En la exposición universal de París se presentó al mundo el Ferrocarril Transiberiano como una maravilla de la técnica. Permitía acortar en diez días el viaje hasta Shanghai, de cinco semanas, combinando algunos tramos por barco, y otros por China. Pero la apertura de esta vía férrea supuso también el comienzo de la explotación a gran escala de las riquezas de Siberia. En algunos tramos, aún hoy en día, hay más tránsito de carga que de pasajeros. Siberia tiene todavía grandes extensiones de terreno que parecen ajenas a la mano del hombre.
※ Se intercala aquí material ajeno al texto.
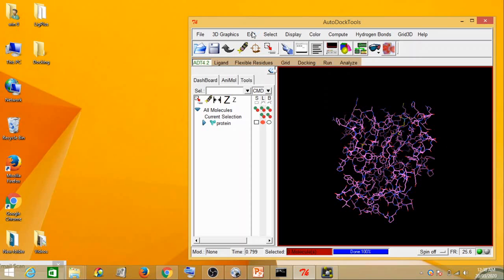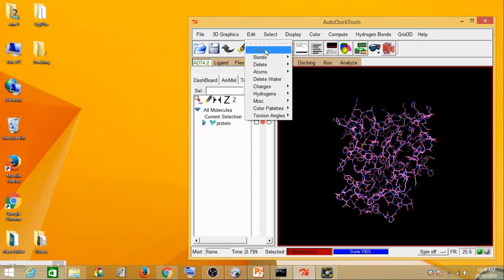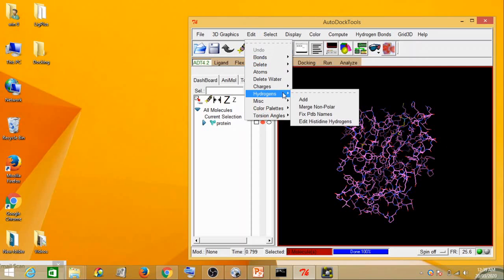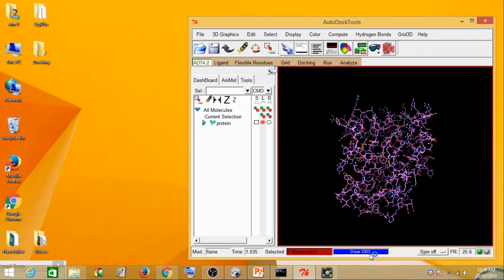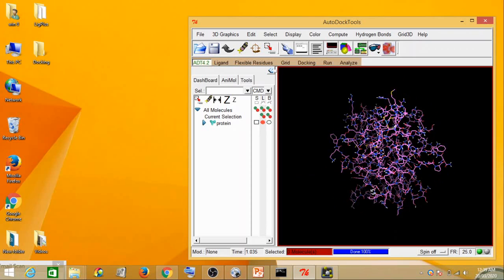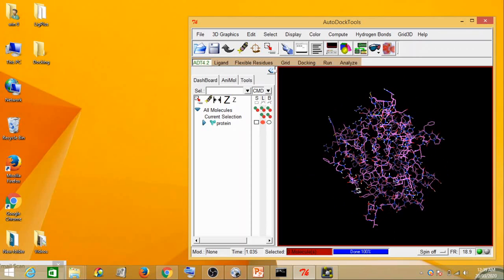The second step is you again go to Edit, go to Hydrogens, and then add hydrogen. You go to Hydrogens, click on Add, this dialog opens, then you click on Polar. So you add polar hydrogens to the protein. You can see 100% — polar hydrogens have been added to the protein.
El paisaje es una taiga interminable durante kilómetros, a la que se asoman, de vez en cuando, aldeas con sus casitas de madera. Al atravesar los grandes ríos, aparecen brevemente las ciudades con toda la contaminación que generan, rápidamente absorbidas de nuevo por los colores del otoño que empiezan a atacar desde el este. Aparte de la comercial, también tuvo su importancia histórica, pues gracias a ella Rusia pudo hacer frente a los alemanes aprovisionándose de comida, cuando la parte oeste del país estaba ocupada.
El día a día transcurre entre comer, dormitar, beber té, leer, recibir visitas de vecinos de compartimento curiosos con el extranjero, mirar el paisaje que en algunos casos es igual durante horas y, sobre todo, más té. De vez en cuando te acercas a ver cuánto falta para la siguiente parada: dentro de 4 horas, parada de 2 minutos y, dentro de 7, parada de 25 minutos.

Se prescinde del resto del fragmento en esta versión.